▶ Aim of the task
Output only the lines of the entries that follow, starting at the one with "knit Christmas Tree" and running down to the one with "DIAMOND - Kit", both included and unchanged.

▶ Material for this task
"""

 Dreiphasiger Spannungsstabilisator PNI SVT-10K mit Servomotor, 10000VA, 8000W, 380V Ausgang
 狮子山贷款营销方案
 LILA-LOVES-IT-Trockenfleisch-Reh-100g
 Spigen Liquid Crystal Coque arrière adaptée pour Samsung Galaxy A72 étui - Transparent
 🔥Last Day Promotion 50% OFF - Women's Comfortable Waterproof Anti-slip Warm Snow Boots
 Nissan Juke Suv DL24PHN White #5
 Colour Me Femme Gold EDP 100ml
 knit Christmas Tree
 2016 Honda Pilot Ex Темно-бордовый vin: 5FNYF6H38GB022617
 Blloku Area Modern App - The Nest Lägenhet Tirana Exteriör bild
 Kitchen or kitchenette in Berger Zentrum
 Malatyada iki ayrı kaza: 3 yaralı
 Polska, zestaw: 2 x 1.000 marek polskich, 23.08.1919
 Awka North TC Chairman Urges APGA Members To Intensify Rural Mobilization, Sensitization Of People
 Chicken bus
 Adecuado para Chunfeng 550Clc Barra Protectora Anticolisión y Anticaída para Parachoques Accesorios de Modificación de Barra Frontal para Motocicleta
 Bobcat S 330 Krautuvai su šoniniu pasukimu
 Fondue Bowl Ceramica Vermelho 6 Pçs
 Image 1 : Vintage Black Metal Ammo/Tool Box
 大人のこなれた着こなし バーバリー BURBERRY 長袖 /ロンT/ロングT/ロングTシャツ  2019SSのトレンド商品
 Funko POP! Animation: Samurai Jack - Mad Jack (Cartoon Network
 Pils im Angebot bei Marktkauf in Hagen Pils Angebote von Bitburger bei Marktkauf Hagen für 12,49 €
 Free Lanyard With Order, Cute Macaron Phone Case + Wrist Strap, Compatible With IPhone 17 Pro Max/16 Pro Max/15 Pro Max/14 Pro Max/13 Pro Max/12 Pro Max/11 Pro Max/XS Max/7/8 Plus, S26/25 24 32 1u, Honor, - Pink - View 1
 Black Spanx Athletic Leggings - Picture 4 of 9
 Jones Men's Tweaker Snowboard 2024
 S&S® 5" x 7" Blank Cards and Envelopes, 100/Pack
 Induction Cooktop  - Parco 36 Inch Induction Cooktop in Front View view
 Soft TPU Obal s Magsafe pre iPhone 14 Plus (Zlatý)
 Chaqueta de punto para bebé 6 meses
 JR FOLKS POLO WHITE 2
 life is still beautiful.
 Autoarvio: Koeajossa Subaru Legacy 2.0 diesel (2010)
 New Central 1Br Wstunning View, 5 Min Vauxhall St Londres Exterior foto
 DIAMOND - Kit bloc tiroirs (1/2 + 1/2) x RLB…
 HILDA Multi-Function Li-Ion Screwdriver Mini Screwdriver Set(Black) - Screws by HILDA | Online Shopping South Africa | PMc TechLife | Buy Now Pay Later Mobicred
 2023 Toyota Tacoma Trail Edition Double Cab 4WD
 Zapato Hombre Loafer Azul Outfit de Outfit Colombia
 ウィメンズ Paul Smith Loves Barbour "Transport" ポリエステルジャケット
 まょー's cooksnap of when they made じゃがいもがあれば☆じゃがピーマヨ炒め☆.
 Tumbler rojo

"""

▶ Output of the exercise
 knit Christmas Tree
 2016 Honda Pilot Ex Темно-бордовый vin: 5FNYF6H38GB022617
 Blloku Area Modern App - The Nest Lägenhet Tirana Exteriör bild
 Kitchen or kitchenette in Berger Zentrum
 Malatyada iki ayrı kaza: 3 yaralı
 Polska, zestaw: 2 x 1.000 marek polskich, 23.08.1919
 Awka North TC Chairman Urges APGA Members To Intensify Rural Mobilization, Sensitization Of People
 Chicken bus
 Adecuado para Chunfeng 550Clc Barra Protectora Anticolisión y Anticaída para Parachoques Accesorios de Modificación de Barra Frontal para Motocicleta
 Bobcat S 330 Krautuvai su šoniniu pasukimu
 Fondue Bowl Ceramica Vermelho 6 Pçs
 Image 1 : Vintage Black Metal Ammo/Tool Box
 大人のこなれた着こなし バーバリー BURBERRY 長袖 /ロンT/ロングT/ロングTシャツ  2019SSのトレンド商品
 Funko POP! Animation: Samurai Jack - Mad Jack (Cartoon Network
 Pils im Angebot bei Marktkauf in Hagen Pils Angebote von Bitburger bei Marktkauf Hagen für 12,49 €
 Free Lanyard With Order, Cute Macaron Phone Case + Wrist Strap, Compatible With IPhone 17 Pro Max/16 Pro Max/15 Pro Max/14 Pro Max/13 Pro Max/12 Pro Max/11 Pro Max/XS Max/7/8 Plus, S26/25 24 32 1u, Honor, - Pink - View 1
 Black Spanx Athletic Leggings - Picture 4 of 9
 Jones Men's Tweaker Snowboard 2024
 S&S® 5" x 7" Blank Cards and Envelopes, 100/Pack
 Induction Cooktop  - Parco 36 Inch Induction Cooktop in Front View view
 Soft TPU Obal s Magsafe pre iPhone 14 Plus (Zlatý)
 Chaqueta de punto para bebé 6 meses
 JR FOLKS POLO WHITE 2
 life is still beautiful.
 Autoarvio: Koeajossa Subaru Legacy 2.0 diesel (2010)
 New Central 1Br Wstunning View, 5 Min Vauxhall St Londres Exterior foto
 DIAMOND - Kit bloc tiroirs (1/2 + 1/2) x RLB…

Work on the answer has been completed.